### Task prompt
Below are entries. Give back exactly the lines from the one containing "Liberals For Gay" through the one containing "Anderson-Negele-74162.0311 / TFP-162/030/6MM/6MM/MPU", inclusive, without the pictures.

### Given data

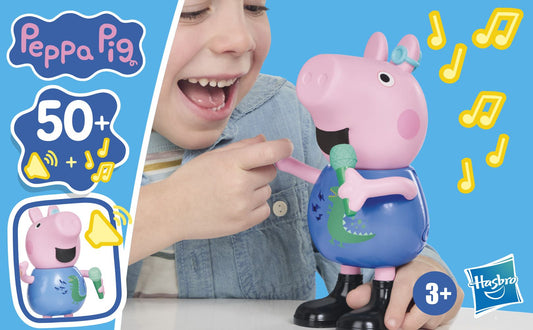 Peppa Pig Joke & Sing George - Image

==

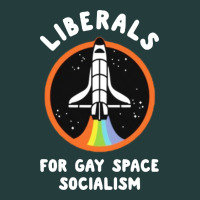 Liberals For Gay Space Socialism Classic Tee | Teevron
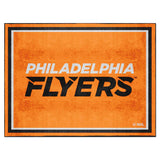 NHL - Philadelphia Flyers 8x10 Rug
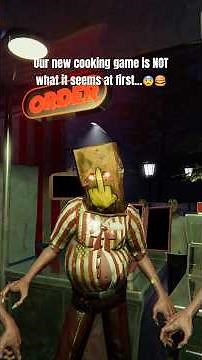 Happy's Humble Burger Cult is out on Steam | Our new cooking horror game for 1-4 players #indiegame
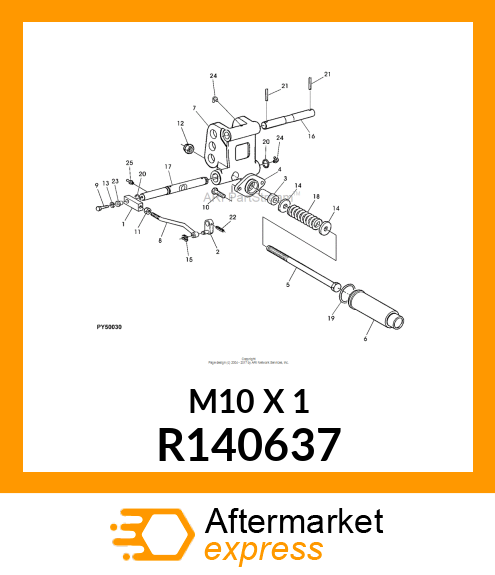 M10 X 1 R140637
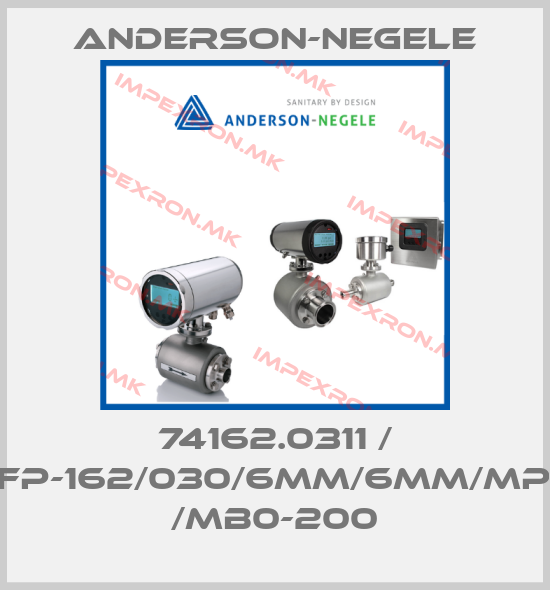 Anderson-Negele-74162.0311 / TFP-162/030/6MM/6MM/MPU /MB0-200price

### Reply
 Liberals For Gay Space Socialism Classic Tee | Teevron
 NHL - Philadelphia Flyers 8x10 Rug
 Happy's Humble Burger Cult is out on Steam | Our new cooking horror game for 1-4 players #indiegame
 M10 X 1 R140637
 Anderson-Negele-74162.0311 / TFP-162/030/6MM/6MM/MPU /MB0-200price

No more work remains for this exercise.